1977 novel by John Gregory Dunne

True Confessions is a noir novel by John Gregory Dunne and published in 1977. The novel was inspired by an actual event, the still unsolved murder of Elizabeth Ann Short, the Black Dahlia (Boston, July 29, 1924 – Los Angeles, January 15, 1947).

== Plot ==

In Los Angeles in 1946, Lois Fazenda is found cut in two pieces in a vacant lot. After acquiring the nickname The Virgin Tramp in the media, her murder becomes a source of great public interest. Tom Spellacy is a lieutenant of the Homicide Division in charge of the case. His brother Demond is a skillful and quickly ascending monsignor who has already been chosen to become the next bishop.
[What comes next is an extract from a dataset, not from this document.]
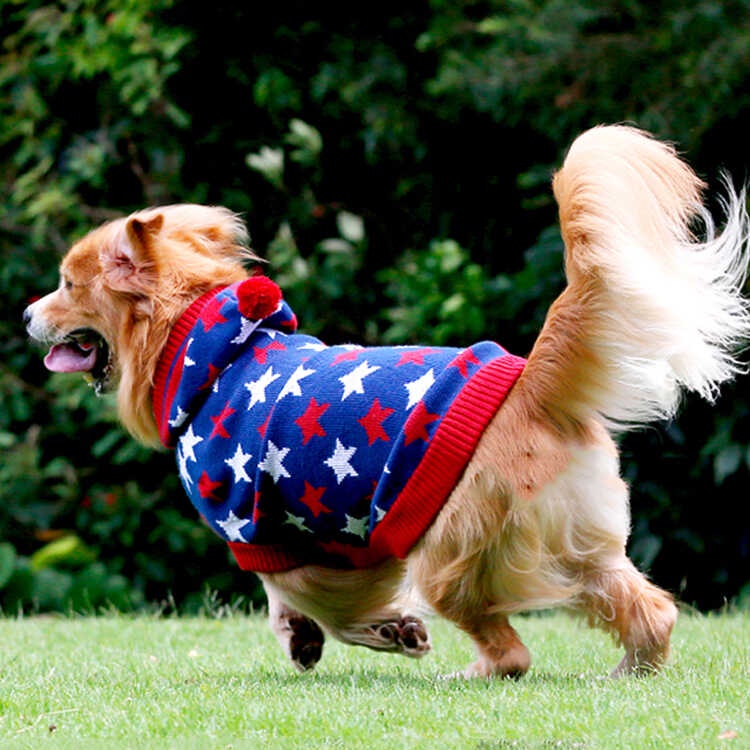 Strip bituin malaking Pet aso kroket kutsilyo Sweater damit amerikana ...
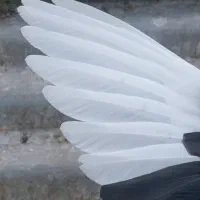 جوجه پلنگ|پرنده|رفسنجان, |دیوار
Tom's investigation threatens to expose links between the church, city elites, and a prostitution ring.

== Main characters ==
- Lieutenant Tom Spellacy
- Monsignor Desmond Spellacy
- Lois Fazenda, prostitute and victim of the crime
- Jack Amsterdam, gangster in business with the Los Angeles Archdiocese
- Lieutenant Frank Crotty, colleague and friend of Tom Spellacy
- Cardinal Hugh Danaher, head of the Archdiocese, of whom Des Spellacy is the secretary and designated successor
- Mary Margaret Maher Spellacy, wife of Tom Spellacy
- Corinne Morris, lover of Tom Spellacy
- Monsignor Seamus Fargo, honest and uncompromising priest, disliked by his superiors
- Dan T. Campion, lawyer of the Archdiocese
- Sonny McDonough, Los Angeles Construction Councilor and mortician in business with the Archdiocese
- Brenda Samuels, brothel-keeper, friend of Tom Spellacy
- Captain Fred Fuqua, chief of the Homicide Division, superior of Tom Spellacy and aspiring chief of the LAPD
- Howard Terkel, journalist

==Reception==
True Confessions was a New York Times Best Seller. Novelist Thomas H. Cook included True Confessions among his list of 10 best mystery books, calling it "one of the most movingly redemptive novels I have ever read."

In a 2019 interview, author James Ellroy recommended True Confessions as one of the top three American noir novels ever written, besides his own

== Adaptation ==
The novel was adapted into the 1981 film True Confessions, directed by Ulu Grosbard and starring Robert De Niro and Robert Duvall. Dunne co-wrote the screenplay with his wife Joan Didion.